Still, the next week or so was relatively quiet as I started seeing bright, yellow flowers emerge on my plants.
But oh no! Only female flowers!
Trouble in Paradise
Much like people, there are male and female zucchini flowers. The females won’t grow a zucchini unless they are pollinated by a male. It’s possible to hand-pollinate the females (which, not surprisingly, I’ve been doing just about every day since late June), but I couldn’t do that until male flowers emerged.
As a result, several of the early ladies had to be ‘sacrificed’ because of lack of a ‘mate’. Woe is me!!!
Once the flowers got themselves together (some with the help of my pollen-laced Q-tip), I started getting real zucchinis right and left! It was heaven, and while zucchini pie, zucchini bread, grilled zucchini, and more zucchini bread abounded, there were seemingly no squash vine borers to be found.
My husband texted me the following photo on July 8:
The Battle Begins
See that tiny egg? NOOOO!!!!!!!!! The squash vine borer was BACK and hard at work.
This, too, sent me in a frenzy that evening, which got me out in my zucchini patch, knife in hand. You see, once the eggs hatch you can sometimes see the worms in the stems as evidenced by the sawdust-like ‘frass’ that will be coming out of an infected stem. That night I cut out several worms – catching them ‘just in time’ before they did too much damage. I was on a mission – defeat is not an option! (I was so stressed out I failed to take any photos during my worm-hunt. Just as well, as the results would likely have been ‘graphic’, not for sensitive audiences.)
After winning a few rounds of ‘peek-a-boo’ with hungry, hidden worms, I haven’t found any additional damage to my plants in over a week.
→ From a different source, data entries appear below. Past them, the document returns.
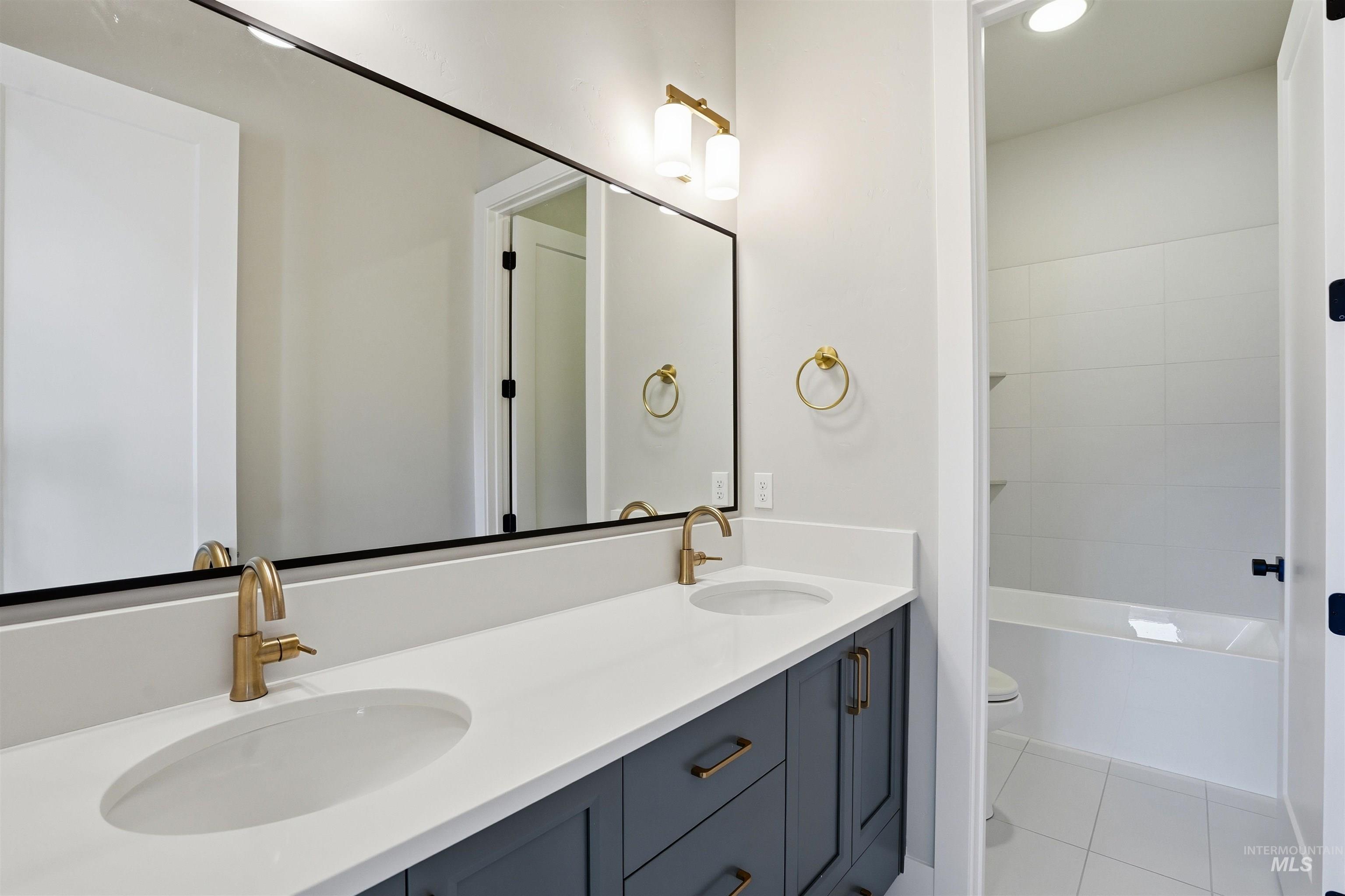 2976 East Parulo Drive Meridian, ID 83642 - Photo 25 of 40 Bathroom featuring double vanity, light tile patterned flooring, and bathing tub / shower combination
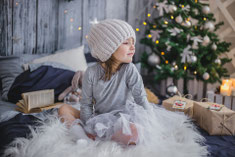 Content für Weihnachten, Kind mit Mütze auf Fell sitzend bewundert die Geschenkpakete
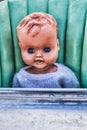 Vintage Creepy Doll Sitting in An Old Baby High Chair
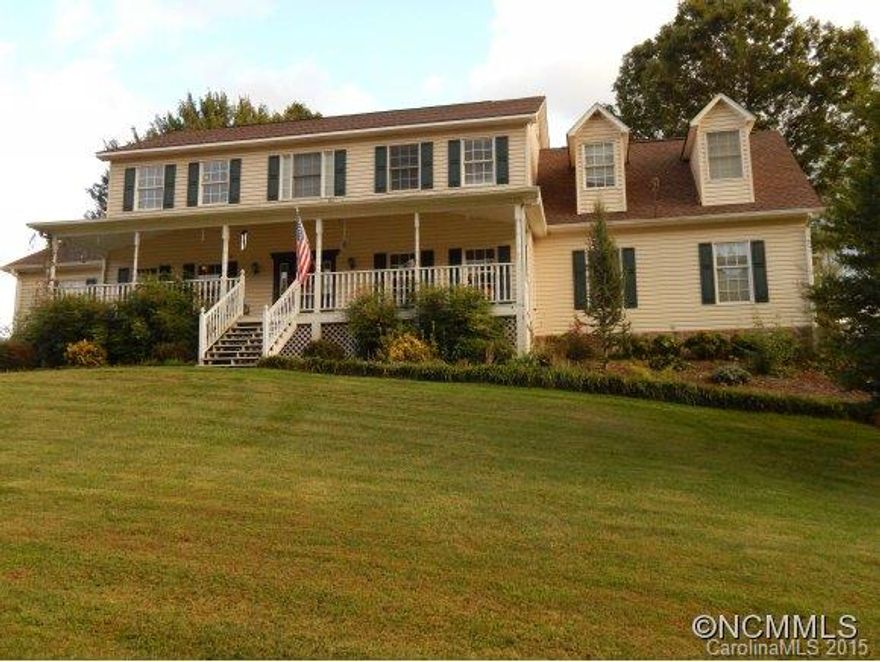 Wonderful large 2 story remodeled home.  Open spacious room with beautiful hardwood floors, fireplace, and exquisite eat in kitchen.  Kitchen remodeled with granite and stainless steel.  Huge dining room for celebrating holidays.  Master suite on main and 2nd level.  Two additional guest rooms or office spaces.  Custom home theater has surround sound, projector, and pop corn machine.  Fenced yard for pets and huge deck for entertaining.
Did I dodge the bullet this year, finally? I dare not say. But here is what my plants look like to date, which for me, is unprecedented this late in the season.
Anybody want some zucchini (bread)?
For more information on how to win the battle:
For those on a similar mission to defeat this pest the natural, if obsessive, way, here are two resources that provide excellent information on how to expel this pest from your garden. My home state’s University of Maryland Extension squash vine borer page, and the University of Florida, which has a bit more scientific information about the life cycle and habits of this pest.
Good luck! Feel free to share your own experiences here.